In outdoor cold-weather applications the pads are used in areas such as condensation protection in system enclosures of all kinds, from telecomms basestations to point-of-sale and remote systems requiring stable operating temperatures.

As equipment generally becomes smaller and more compact, and as power consumption issues concern designers, the pads are proving increasingly popular as wafer-thin space-saving alternative to cumbersome air-conditioning units, for example.

The pads can be produced in virtually any shape or form and may be flexible or rigid depending on end-user needs.

With extremely low thermal mass they can be designed to offer fast-acting or steady heatflow evenly distributed right across the pad surface avoiding excessive thermal gradients, cold spots or can be zoned into selective areas.

To achieve this, the company can exploit a range of separate element technologies and dielectric materials.

These include fixed resistance etched foils, resistive wire or variable resistance conductive inks and alloys depending on power density, size and volume requirements.

Printed directly onto steel or ceramic gives the lowest mass and high temperature performance.

Other dielectrics include silicone rubber (to 260C), polyimide (Kapton) (to 200C), polyester (to 120C).

They are typically supplied with connection wiring to suit individual needs and are subsequently temperature controlled by switching circuitry such as bi-metal thermostats or solid-state NTCs.

In addition, the company now offers self-regulating heat pads which change their resistance in proportion to the surrounding ambient temperature - so the colder it becomes the harder the heater works.

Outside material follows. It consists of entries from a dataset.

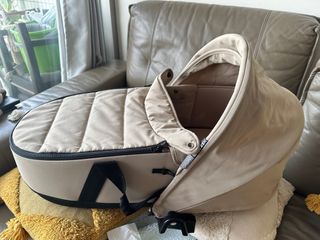 （分類：）位於 。 由 Mya_bb 提交（商品編號 1343899155，圖片 1）。簡介： 。
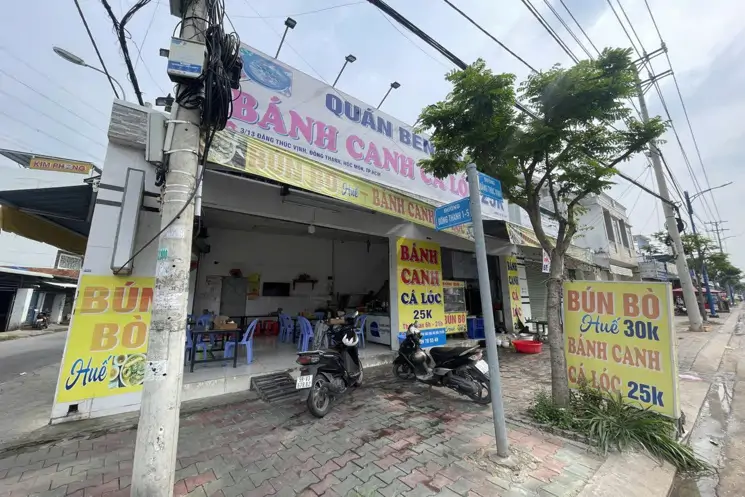 Hóc Môn ! Sang Rẻ Quán Bánh Canh Cá Lóc – Bún Bò Huế , Góc 2 Mt , Dt : 12M  X 12M , Mt Đường Lớn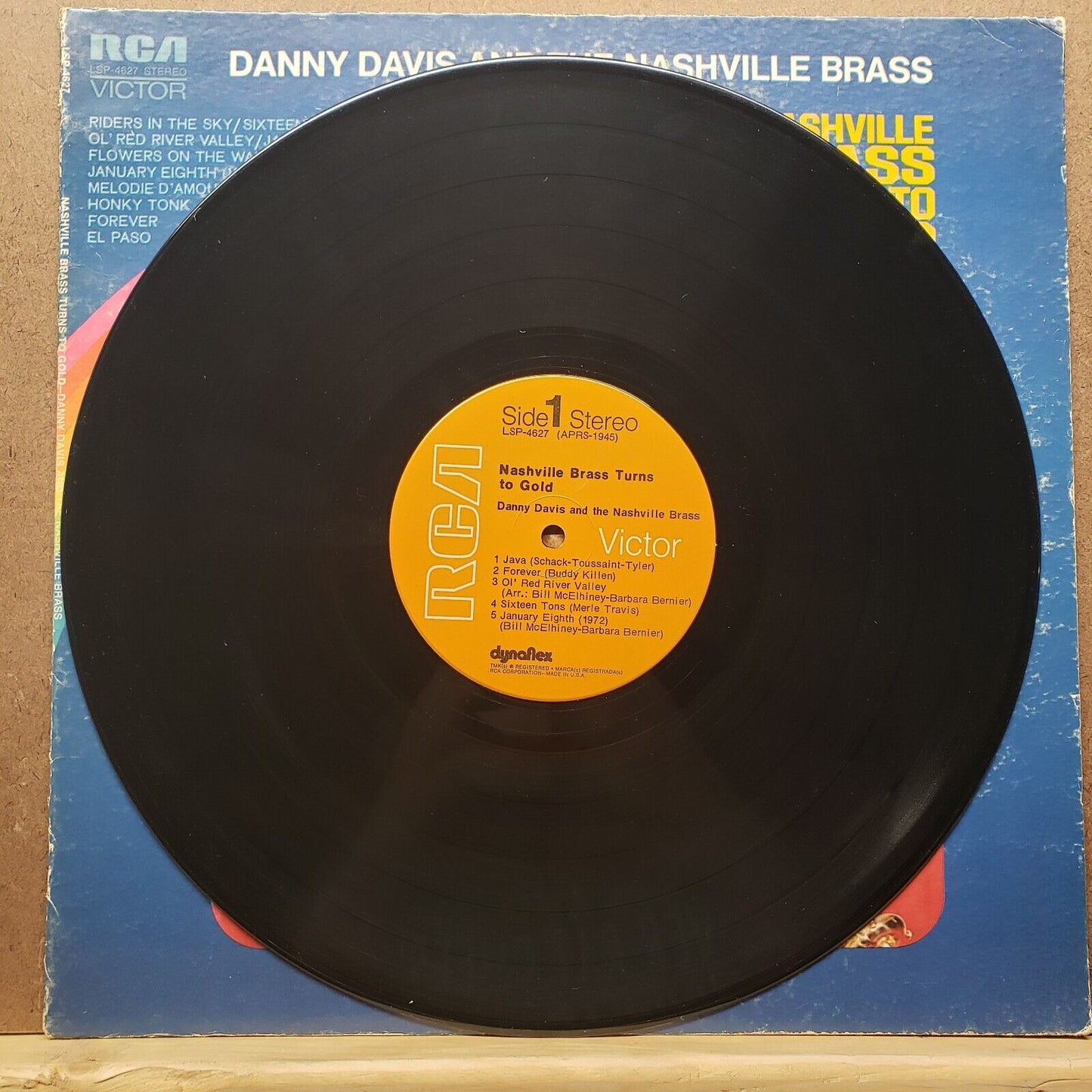 Danny Davis - Nashville Brass Turns To Gold - LSP 4627 - Vinyl Record LP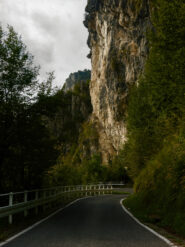 La strada e le falesie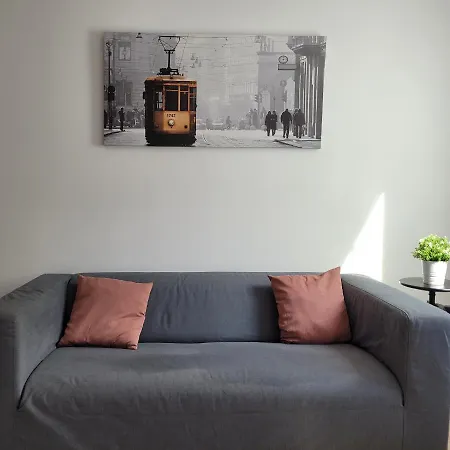 Primahouse55 * Milan
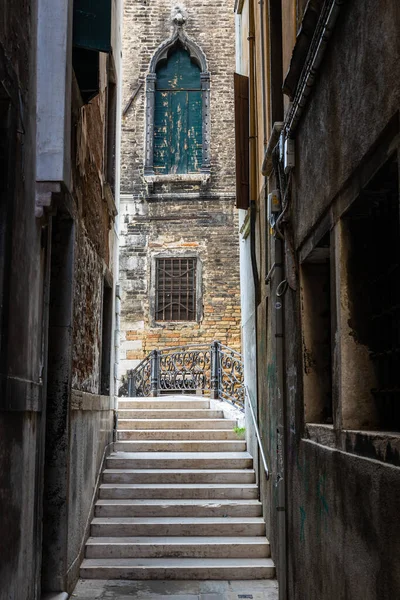 Quiet Empty Alleys City Venice Italy — Stockfoto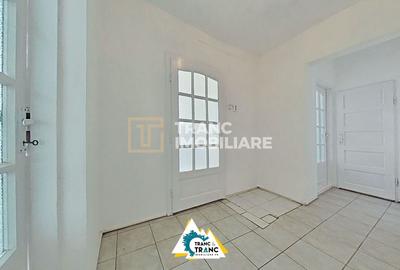 Apartament cu 3 camere semidecomandat în Central - 4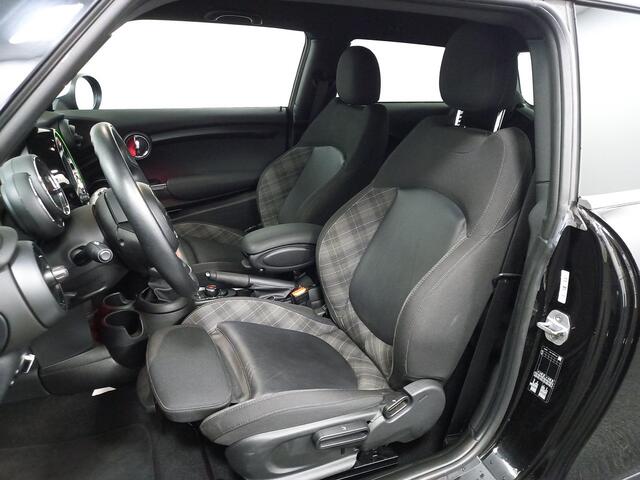 Mini COOPER Mini 1.5 136pk Chili | Climate control | Cruise control | Lichtmetalen velgen 17" | Stoelverwarming | Led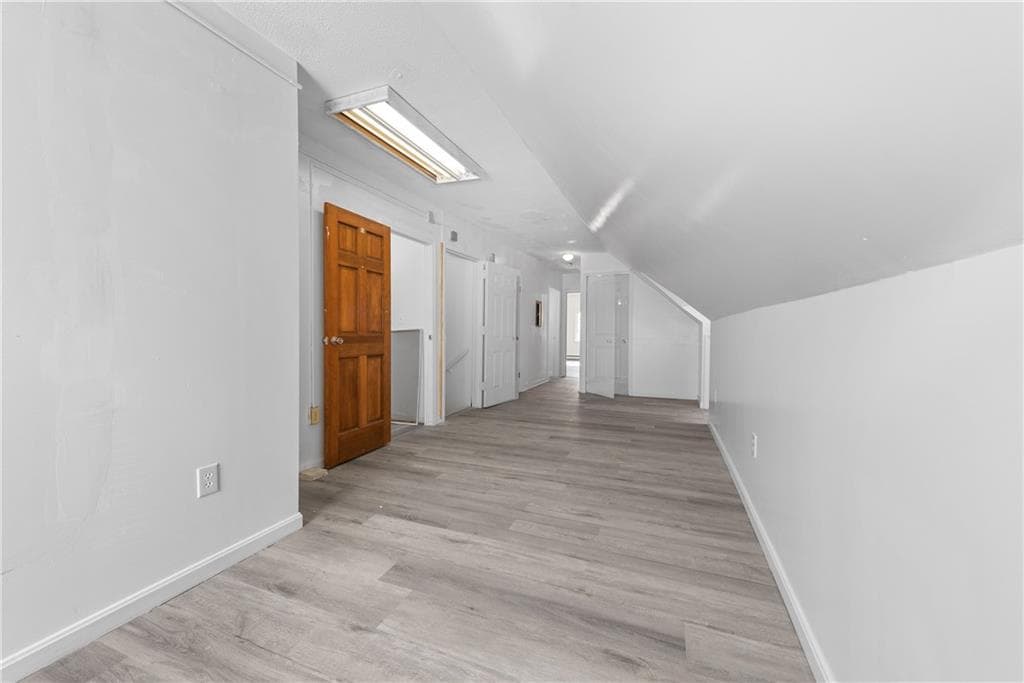 58 Hamlet Avenue photo 42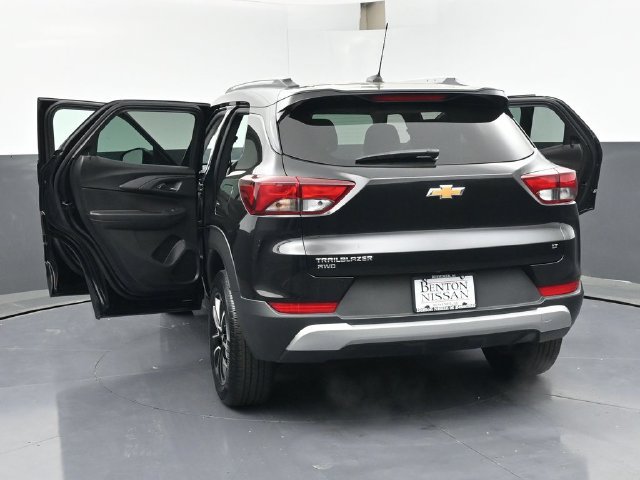 Used 2025 Chevrolet TrailBlazer LT AWD/4WD image 48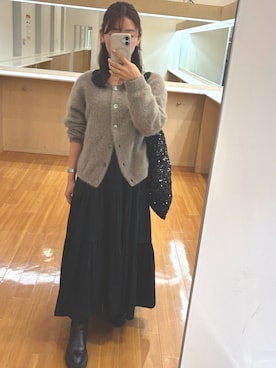 「LOUNGEDRESS（ラウンジドレス）のアイテム」を使った、コテガワ　アヤカさん（骨格ウェーブ・レディース・151cm）の秋コーディネート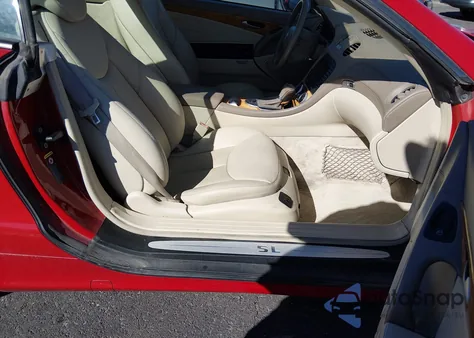 2005 Mercedes-Benz Sl 500 z USA, uszkodzony, nr VIN WDBSK75F55F105855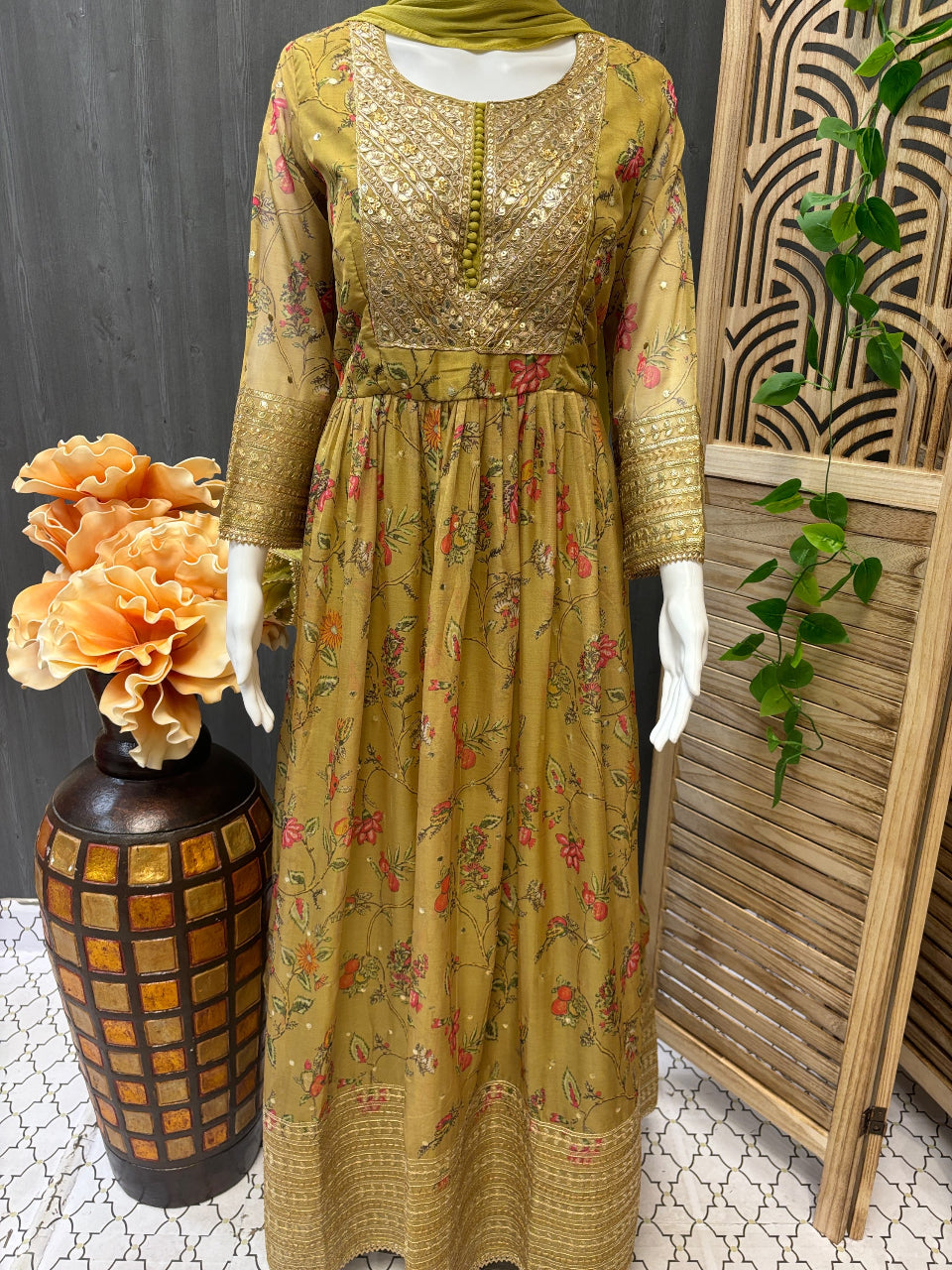 Party Wear Organza Olive Green Long Dress- Size 42/US M image 0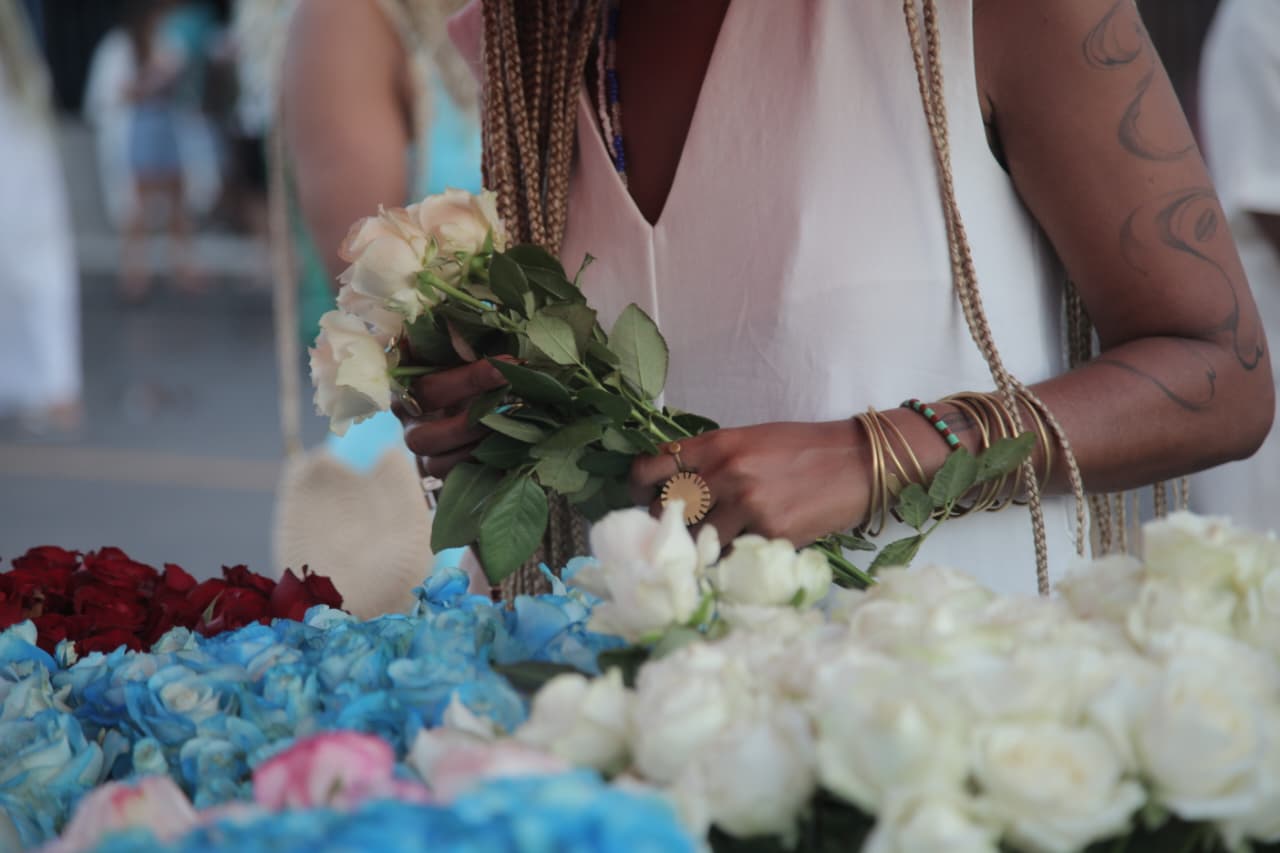 Dois de fevereiro levou multidão ao Rio Vermelho para homenagear Iemanjá por Sora Maia/CORREIO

They are manufactured using a specialised PTC polymer printed ink element which features interleaved bus bar technology to produce multiple parallel circuits across its surface.

Ideal for lower temperature start up, anti-condensation or defrost requirements - examples include self-governing automotive, scientific and industrial heating requirements.

The pads respond quickly to ambient temperature variations to cost-effectively maintain an optimised and regular operating temperature, typically from -60 to +70C.

For speed and flexibility, the company offers a preferred range of standard stocked silicone heater mats.

It can also supply custom produced, fast turn (2 days possible) silicone pads for low-cost initial design, development and prototyping requirements which may later be finally fabricated from one or more of the optional technologies.